Reproduce the lines below verbatim. Pictures are to be omitted.

:: GIVEN DATA

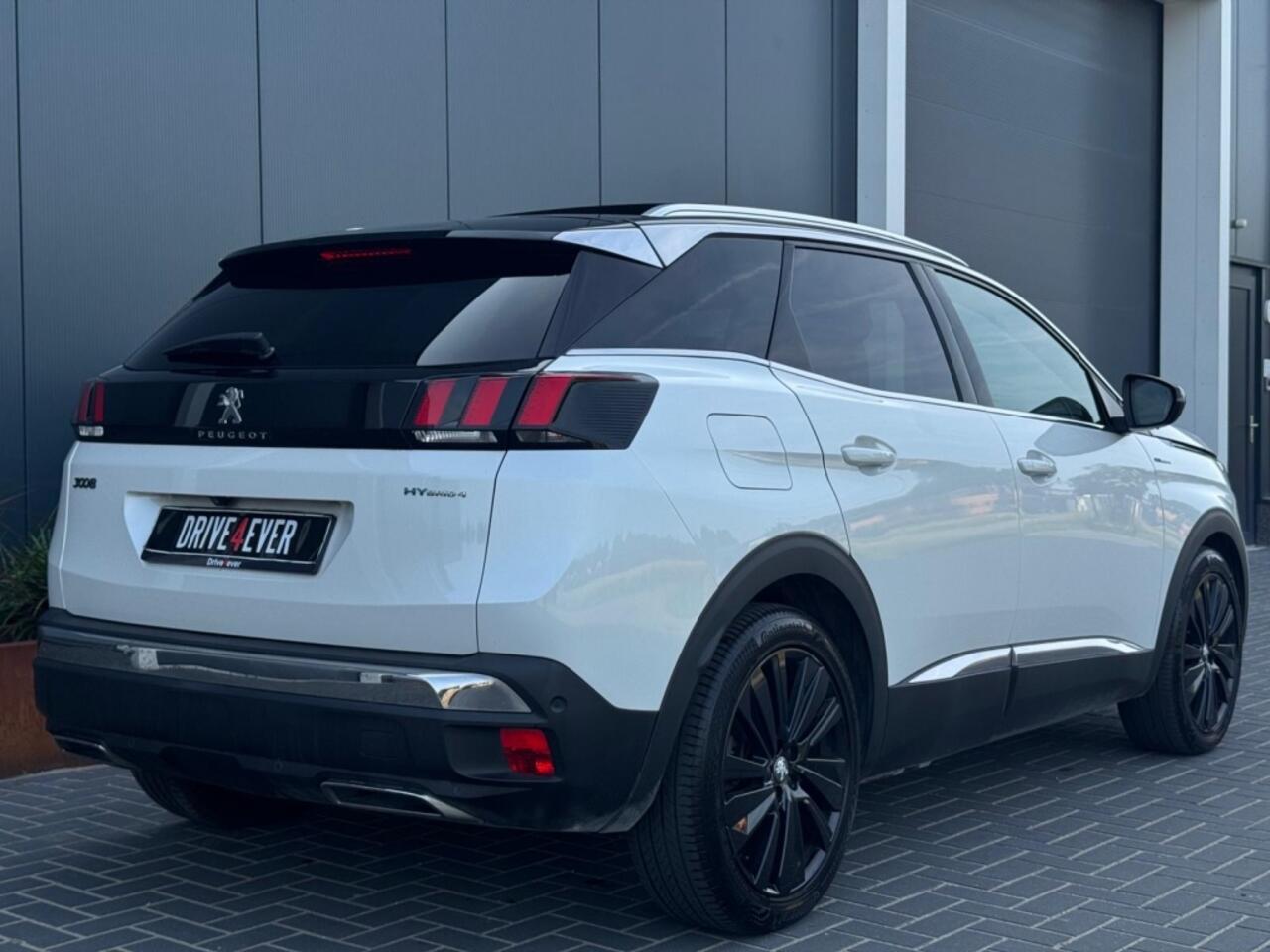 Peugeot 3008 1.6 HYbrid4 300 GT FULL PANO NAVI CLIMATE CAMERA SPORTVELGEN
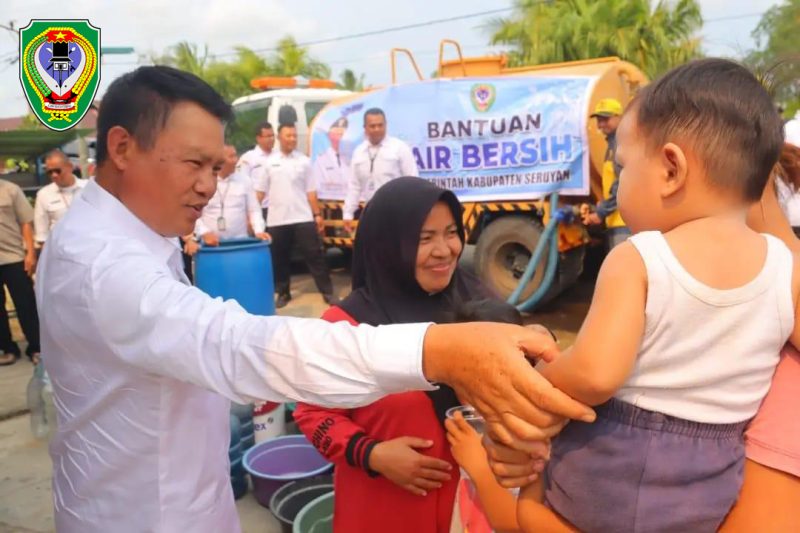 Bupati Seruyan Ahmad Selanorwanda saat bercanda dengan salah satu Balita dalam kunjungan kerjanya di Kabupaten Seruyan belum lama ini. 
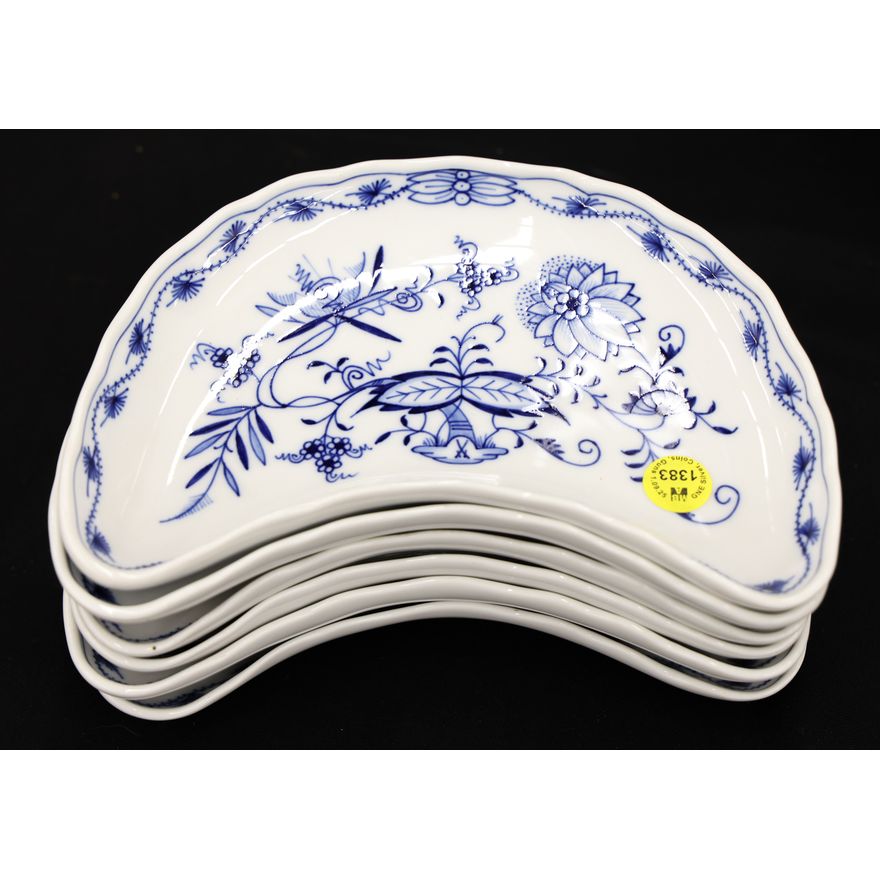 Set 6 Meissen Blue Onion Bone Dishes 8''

::::

**SOLUTION:**
 Peugeot 3008 1.6 HYbrid4 300 GT FULL PANO NAVI CLIMATE CAMERA SPORTVELGEN
 Bupati Seruyan Ahmad Selanorwanda saat bercanda dengan salah satu Balita dalam kunjungan kerjanya di Kabupaten Seruyan belum lama ini. 
 Set 6 Meissen Blue Onion Bone Dishes 8''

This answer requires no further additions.